### ASSIGNED TASK
Look through the data below for the line with "Cover of: Two weeks to winning chess" and the line with "scultura di Martini", then output those two and all lines in between, exactly as written.

### GIVEN ENTRIES
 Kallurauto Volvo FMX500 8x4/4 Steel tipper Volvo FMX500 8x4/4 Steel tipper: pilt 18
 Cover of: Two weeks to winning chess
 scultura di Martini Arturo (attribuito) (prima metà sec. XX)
--
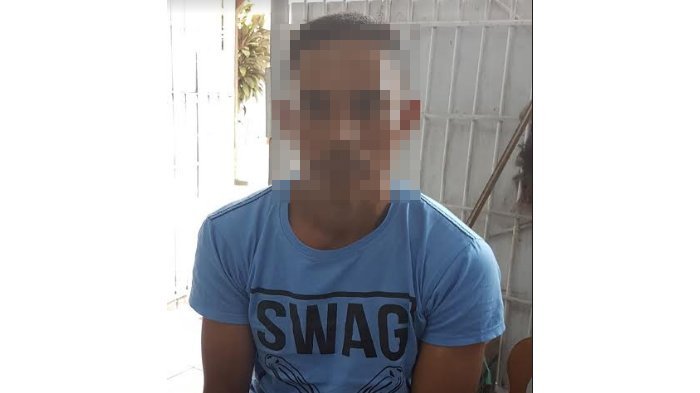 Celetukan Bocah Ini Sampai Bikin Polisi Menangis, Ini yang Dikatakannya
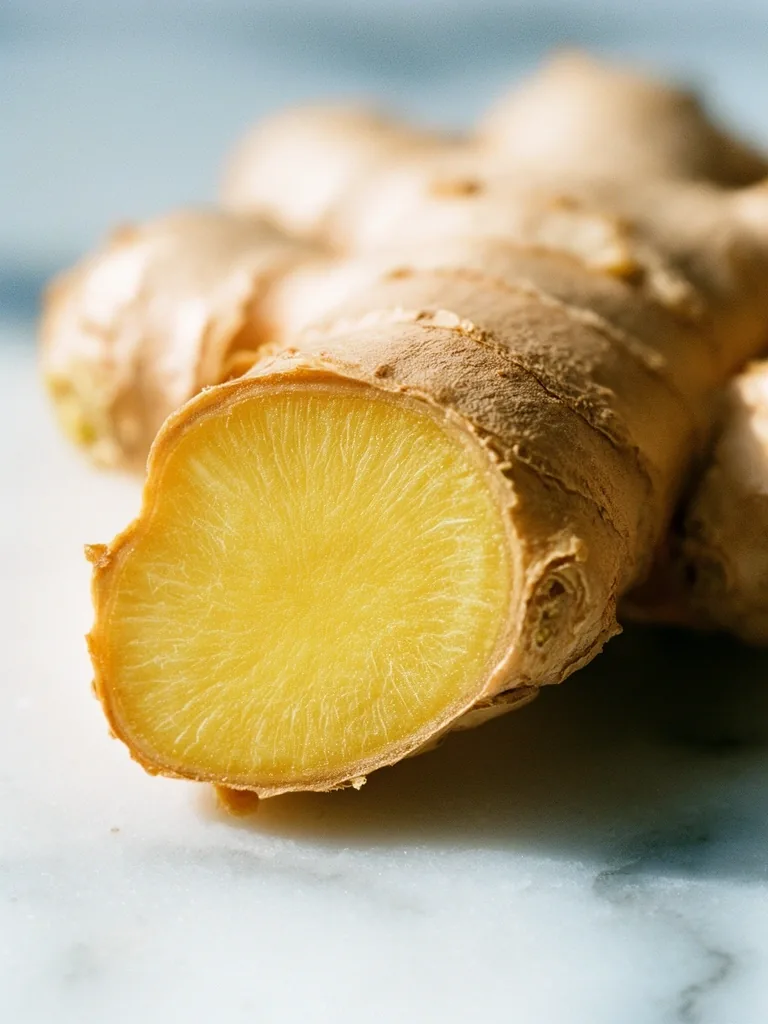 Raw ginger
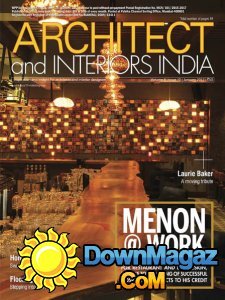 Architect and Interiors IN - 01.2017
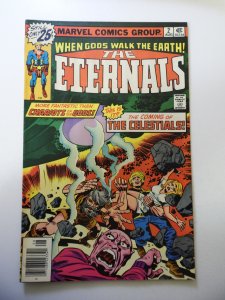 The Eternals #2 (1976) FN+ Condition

### RESULT BELOW
 Cover of: Two weeks to winning chess
 scultura di Martini Arturo (attribuito) (prima metà sec. XX)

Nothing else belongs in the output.